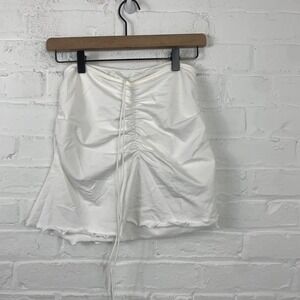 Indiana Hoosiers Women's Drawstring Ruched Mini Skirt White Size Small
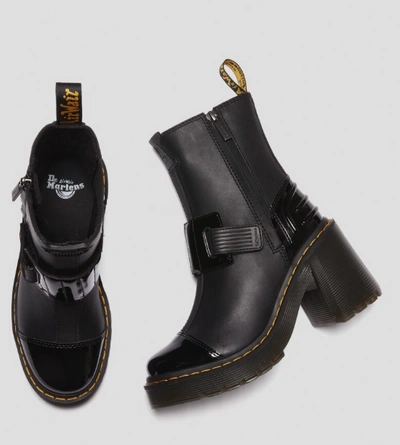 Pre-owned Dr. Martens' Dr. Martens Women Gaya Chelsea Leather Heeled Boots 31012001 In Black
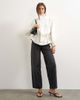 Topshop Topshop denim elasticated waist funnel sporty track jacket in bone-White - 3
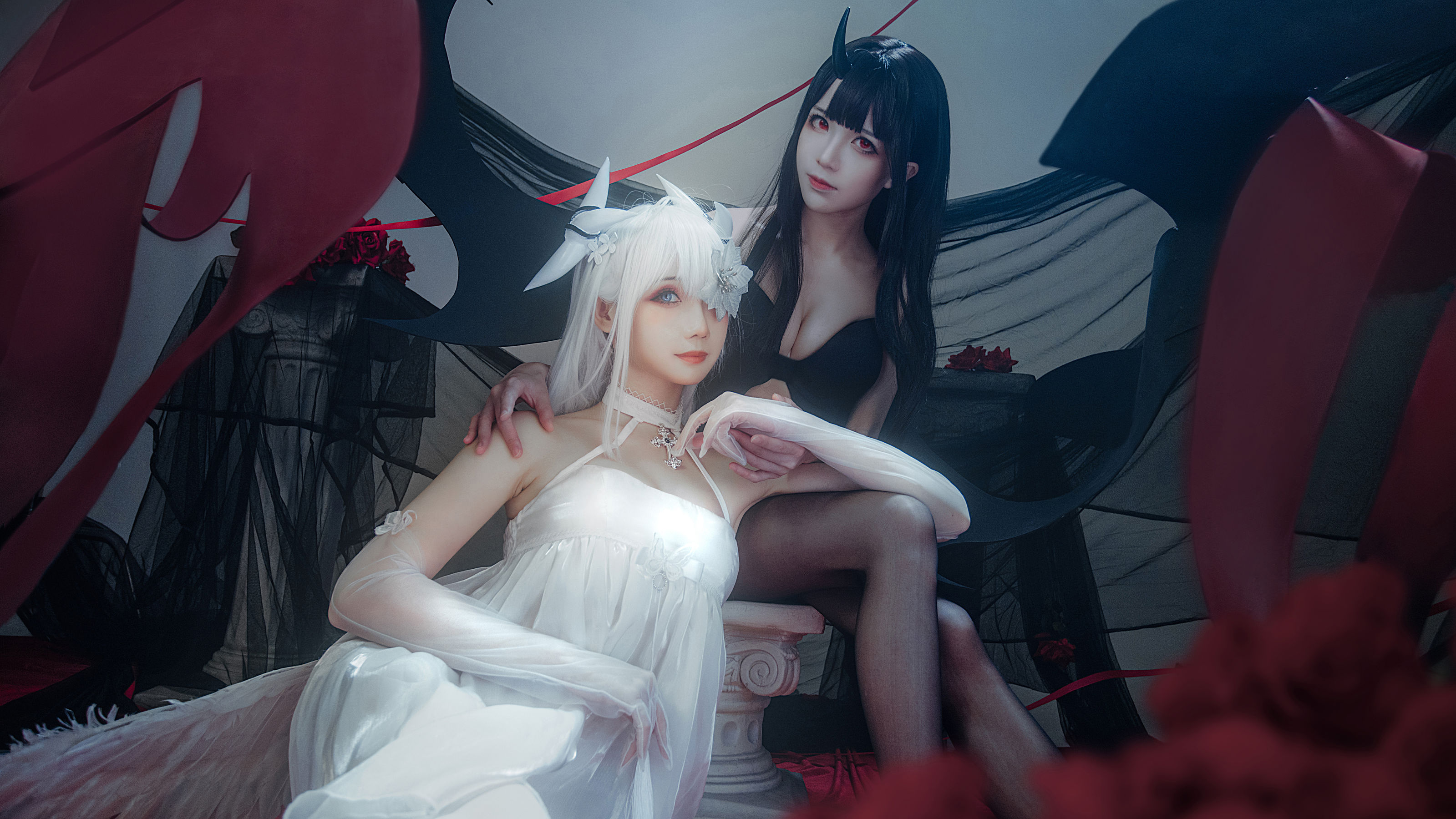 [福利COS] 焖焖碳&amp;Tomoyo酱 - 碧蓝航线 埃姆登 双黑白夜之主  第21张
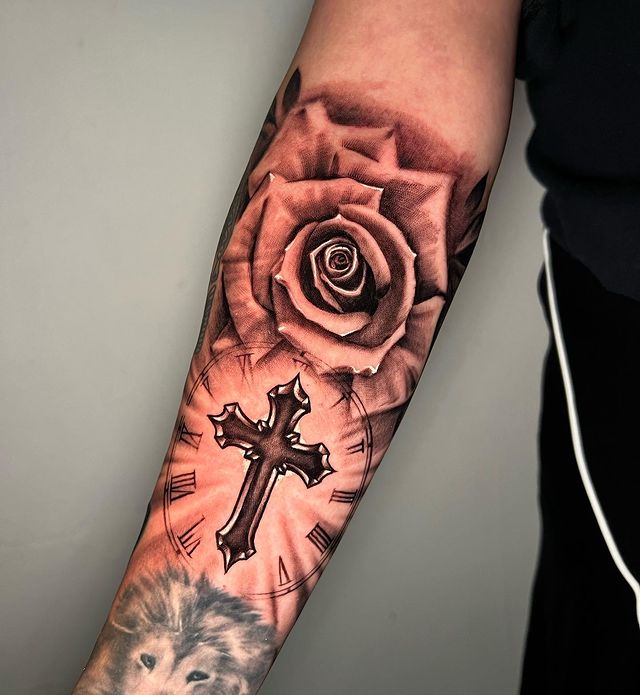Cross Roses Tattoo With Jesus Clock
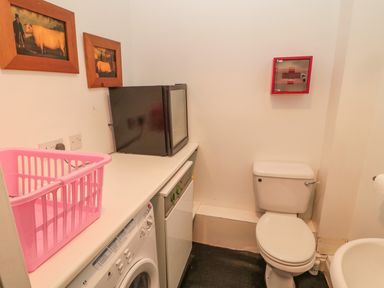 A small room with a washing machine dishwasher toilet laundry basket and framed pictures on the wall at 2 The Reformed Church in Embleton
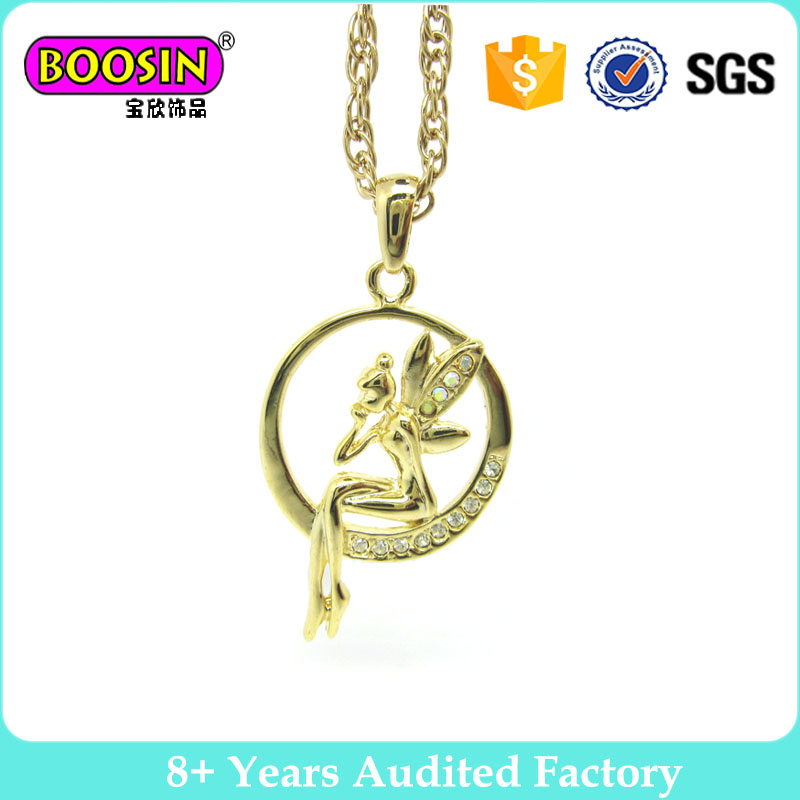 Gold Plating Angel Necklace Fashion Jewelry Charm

◇ ◇ ◇ ◇ ◇

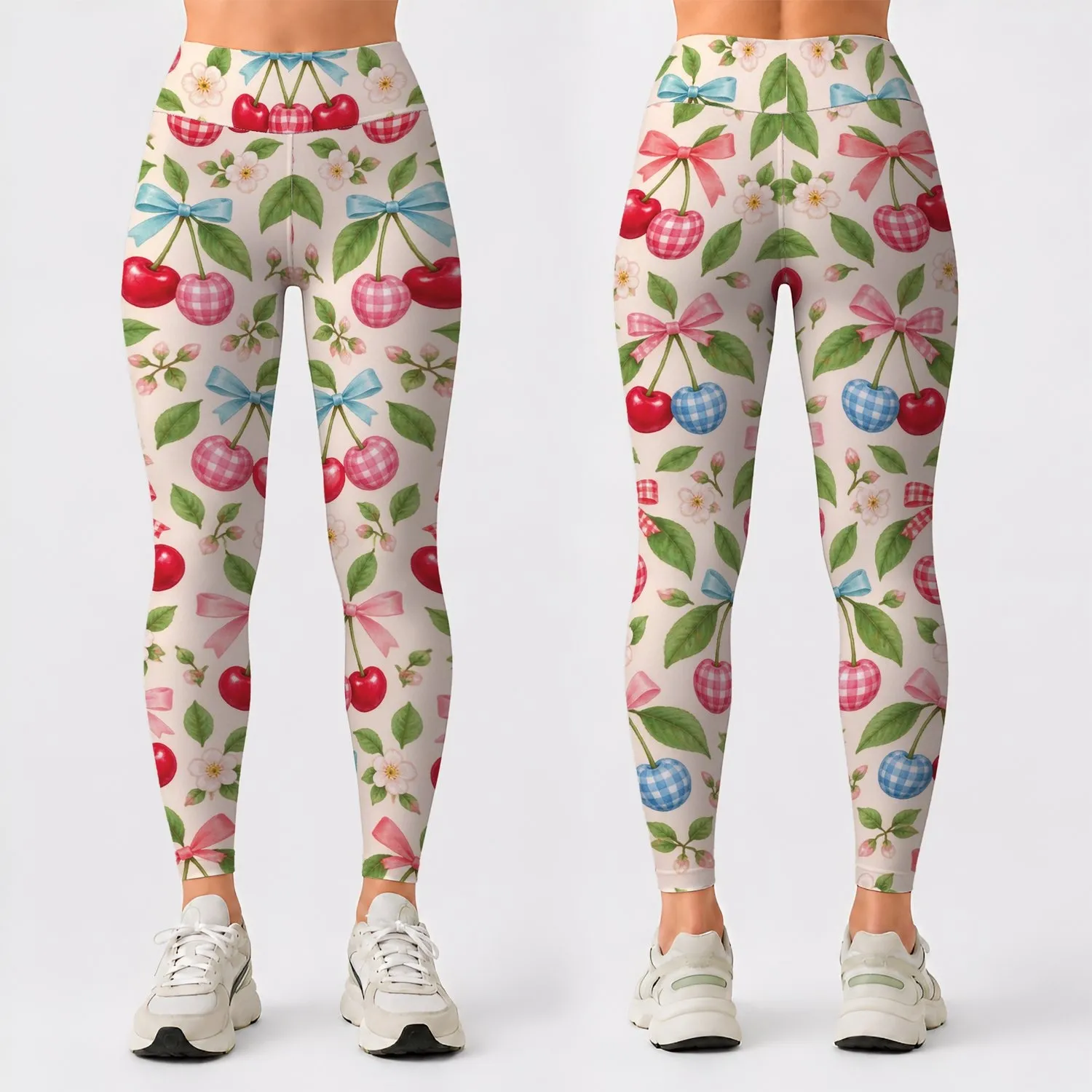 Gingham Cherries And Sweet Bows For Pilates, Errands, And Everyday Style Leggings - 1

◇ ◇ ◇ ◇ ◇

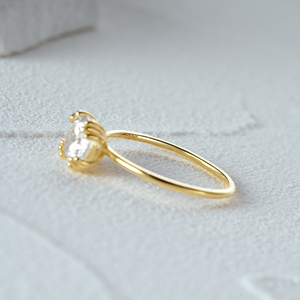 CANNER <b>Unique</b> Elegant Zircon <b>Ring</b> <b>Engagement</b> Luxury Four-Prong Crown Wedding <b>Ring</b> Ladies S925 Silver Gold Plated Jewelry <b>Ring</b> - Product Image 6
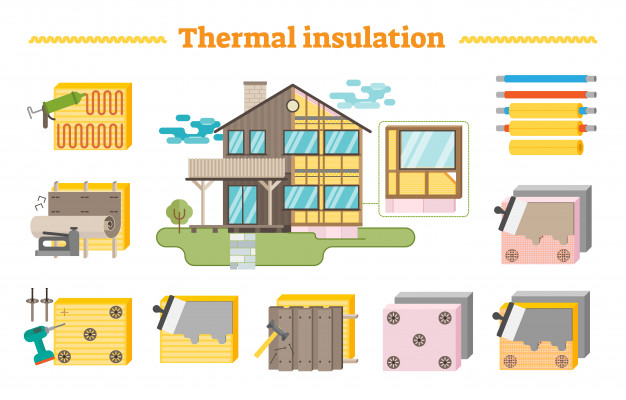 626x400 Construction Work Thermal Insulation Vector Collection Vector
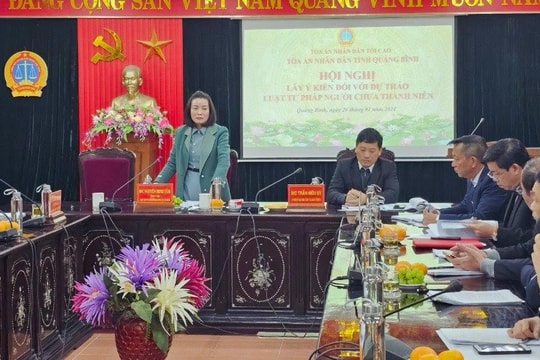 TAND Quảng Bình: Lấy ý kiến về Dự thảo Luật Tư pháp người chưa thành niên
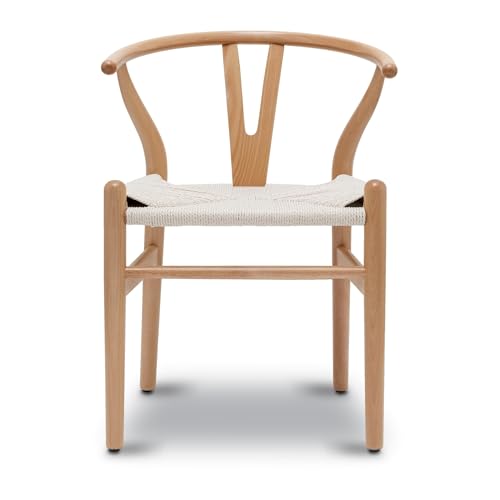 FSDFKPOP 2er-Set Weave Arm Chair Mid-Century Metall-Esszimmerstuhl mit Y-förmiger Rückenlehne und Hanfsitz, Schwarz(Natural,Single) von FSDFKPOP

◇ ◇ ◇ ◇ ◇

-- Prompt --
Copy exactly the lines of the listing above between the one holding "Indiana Hoosiers Women's" and the one holding "A small room", inclusive; omit all pictures.

-- Output below --
 Indiana Hoosiers Women's Drawstring Ruched Mini Skirt White Size Small
 Pre-owned Dr. Martens' Dr. Martens Women Gaya Chelsea Leather Heeled Boots 31012001 In Black
 Topshop Topshop denim elasticated waist funnel sporty track jacket in bone-White - 3
 [福利COS] 焖焖碳&amp;Tomoyo酱 - 碧蓝航线 埃姆登 双黑白夜之主  第21张
Cross Roses Tattoo With Jesus Clock
 A small room with a washing machine dishwasher toilet laundry basket and framed pictures on the wall at 2 The Reformed Church in Embleton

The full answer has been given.